[478] in Discussion of MIT-community interests
re: in defense of affirmative action
daemon@ATHENA.MIT.EDU (Thomas G Cadwell)
Thu May 3 02:38:00 2001
Message-Id: <200105030637.CAA23445@department-of-alchemy.mit.edu>
To: mit-talk@MIT.EDU
Date: Thu, 03 May 2001 02:37:27 -0400
From: Thomas G Cadwell <tcadwell@MIT.EDU>
>remember, AA was put in place to rectify past injustices to an entire
>segment of our population. the premise is that the world would be a
>better place if all races were on equal footing, and that getting there
>requires active government support, including but not limited to AA.
I really have trouble with this notion that large-scale public-policy of
any sort, govt or not, is at all effective. Change comes at an individual
level. Government doesnt win idealogical wars, nor does it sway people
to believe something new, or take faith in something new. People and leaders
do this. People accept now that racism is something to be avoided. That
had almost nothing to do with the govt. passing civil rights legislation,
and everything to do with the cultural war of the 60s, and those in favor
of equality prevailing through force of superior argument.

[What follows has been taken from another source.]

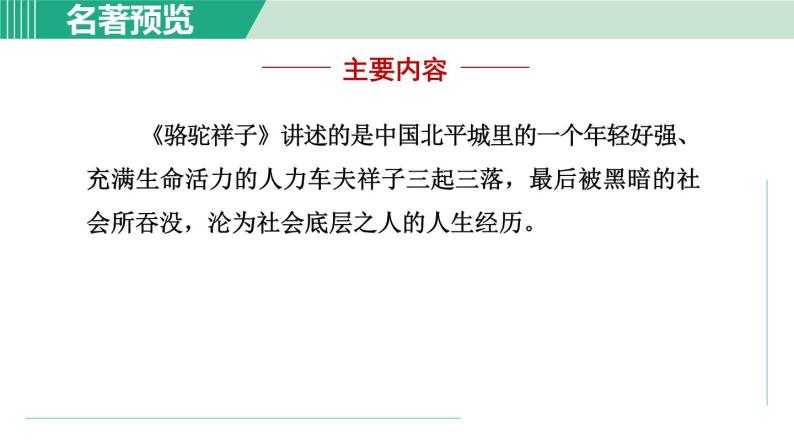 人教版语文七年级下册 第3单元   名著导读  课件04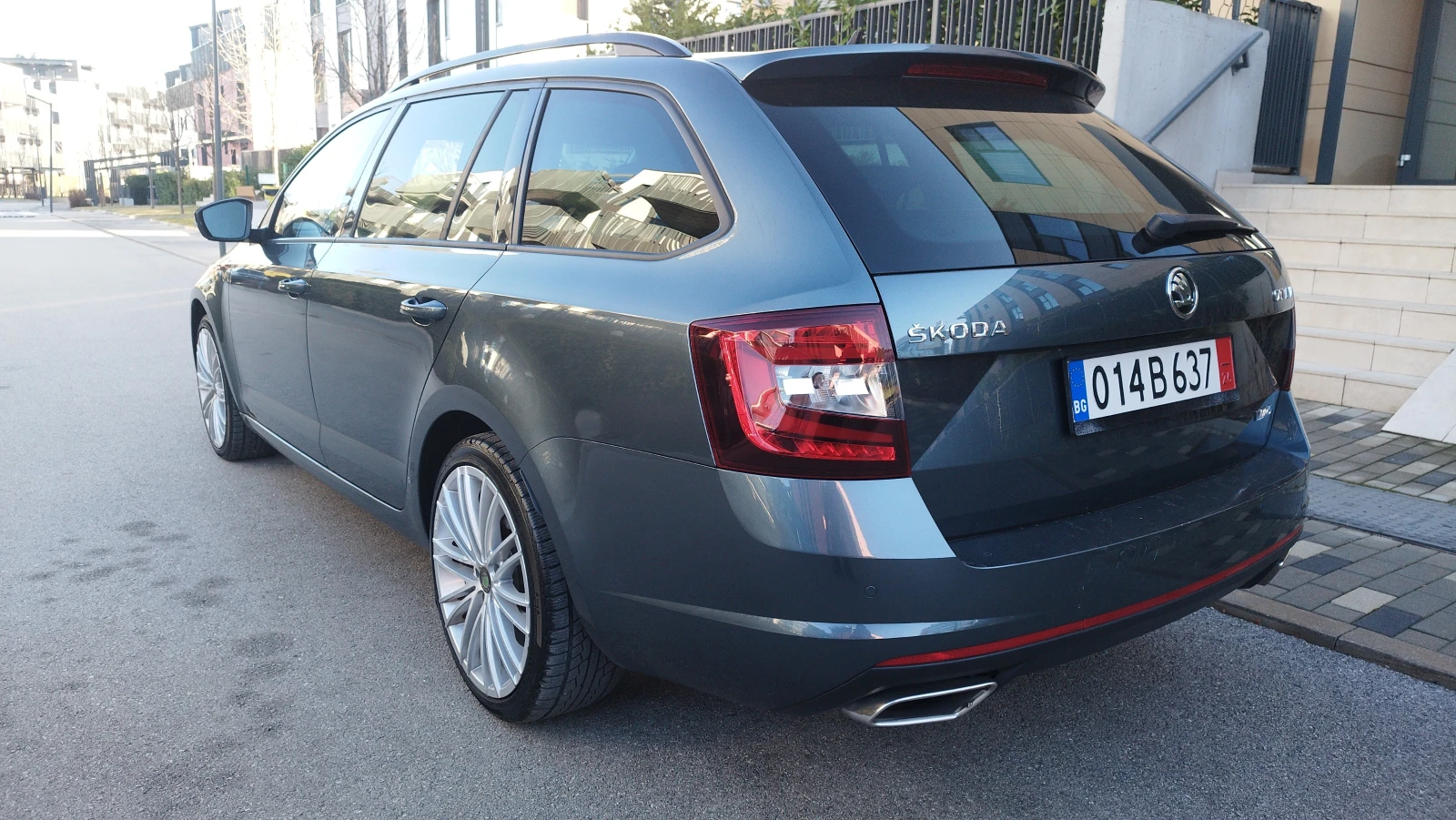 Skoda Octavia 2.0TDI #VRS#CHALLENGE#KEYLESS# - изображение 3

Secondly, I think this whole classifying people by race is incredibly irrelevant,
especially in the context that our society strives to be racism-free and not
race dependant, but rather, fair to people based on individual merit. Aff
action theoretically is supposed to even the gap caused by years of racism,
but in so attempting is keeping racism alive. Comments like "oh he got
in because hes hispanic" lend anectodal ammunition to people with racist
dispositions, and lend legitimacy to the idea that race really does
matter. It really doesnt -- people are people. You can draw some statistical
correlations given racial samplings, but you can draw MUCH MORE significant
statistical correlations given parents level of education, income level,
etc.
Thirdly, I think it is rediculous to think that aff action is actually going
to work (or is working). Many immigrant populations (irish, italian) have
come into this country, faced FAR worse discrimination than hispanics and
blacks do today, or did in the 60s, and are now very prosperous. Consider
much of this happened in the late 1800s and early 1900s. They were pretty
well integrated into the culture and prosperous by the 50s (any of you
history people want to clarify this one a bit?). America has a long history
of groups of people with no skills, no money, no knowledge becoming very
successful.
We've been treating various underrepresented minorities equally for 40
years now, and things certainly have improved some, but not nearly like they
would with an average immigrant population that comes in. Why? I think
its because some subgroups/subcultures of the various minorities
have lost much of their will to succeed as a result of the
past evils you site. But the only cure for that is a renewal in their faith
in America, and their belief that they can in fact succeed. And that is only
going to happen if the opportunities exist, and fairness exists, and success
stories slowly spread into the cultural memory, which they are.
I think aff action is contrary to this goal, because its
existence essentially says "Well you need our help to succeed. But we
sure do feel pity for you!". That doesnt build self-motivation, and it
cetainly doesnt build self-confidence. It just builds dependance on the
government, which is utterly contrary to the self-dependance that all of
America's success stories are built upon (except for govt contractors and
politicians >:>)
>if your opposition to AA is simply that it is inconsistent w/ other
>possible programs that we don't have, well, that's not very compelling.
AA can be attacked from so many different angles its not even funny...
as we are all seeing on this list. Its unfair on so many differnet levels,
and doesn't even accomplish what it is supposed to accomplish. Its just a
magnimonious gesture of "we really feel bad guys that our ancestors were such
insensitive powermongering jerks! Please accept our apology
in the form of this expensive, though ineffective, gift".
>i agree, given an ideal world where opportunity is equal. we're not
>there yet.
The world is never going to be equal, but I think inequality in treatment
to people of various races is minute compared to inequality in treatment
to people of various socioeconomic backgrounds, or world views, purely
because the assumptions you can make about someone based on race are pretty
insignificant compared to the assumptions you can make about them after
talking to them for 5 minutes, or the assumptions you can make about
them given a few quick facts about their history.